Angelo tidak pernah menyukai Jennifer, begitu juga sebaliknya. Mereka bagaikan...
BAB 1
Matahari bersinar cerah menyinari kota Jakarta hari ini. Hiruk pikuk jalanan yang selalu macet, suara klakson yang memekakkan telinga, serta teriknya matahari, bagaikan santapan sehari-hari bagi warga Jakarta. Siang ini, Angelo memutuskan untuk berdiam diri di ruang kantornya yang berada di lantai 20. Sejuknya pendingin ruangan, membuat Angelo semakin menikmati ketenangan dan kesendirian yang sangat ia dambakan.
Ia pun tidak lupa meminta sekretaris untuk membatalkan pertemuan makan siangnya dengan salah satu kolega hanya karena enggan terjebak kemacetan di siang ini. Angelo kembali tenggelam dalam laporan pembangunan yang saat ini sedang ditangani oleh perusahaannya. Semuanya benar-benar tenang. Sangat tenang, hingga Angelo merasa tak ada hari seindah hari ini.

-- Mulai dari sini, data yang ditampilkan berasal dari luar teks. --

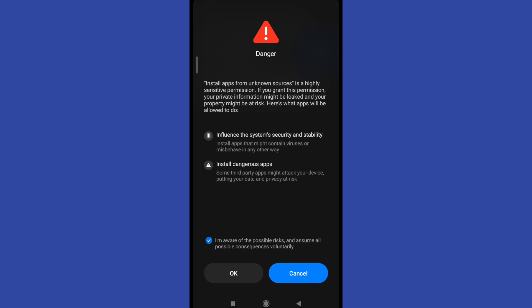Because you must be aware of the possible risks and assume all possible consequences voluntarily.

Namun, ketenangannya sirna seketika saat mama masuk ke ruang kerjanya. Tidak! Kalian jangan salah sangka. Angelo tidak membenci mama. Tapi, berita yang mama bawalah yang membuatnya kesal.
"Astaga, Ma! Kenapa harus aku?" keluh Angelo seraya meletakkan map laporan di meja, "dia kan bisa naik taksi. Lagi pula, aku banyak kerjaan."
Angelo berdecak kesal, lalu menyisir frustrasi rambutnya dengan jemari. Mama duduk di sofa panjang yang ada di ruang kerjanya, tampak anggun dan cantik seperti biasa.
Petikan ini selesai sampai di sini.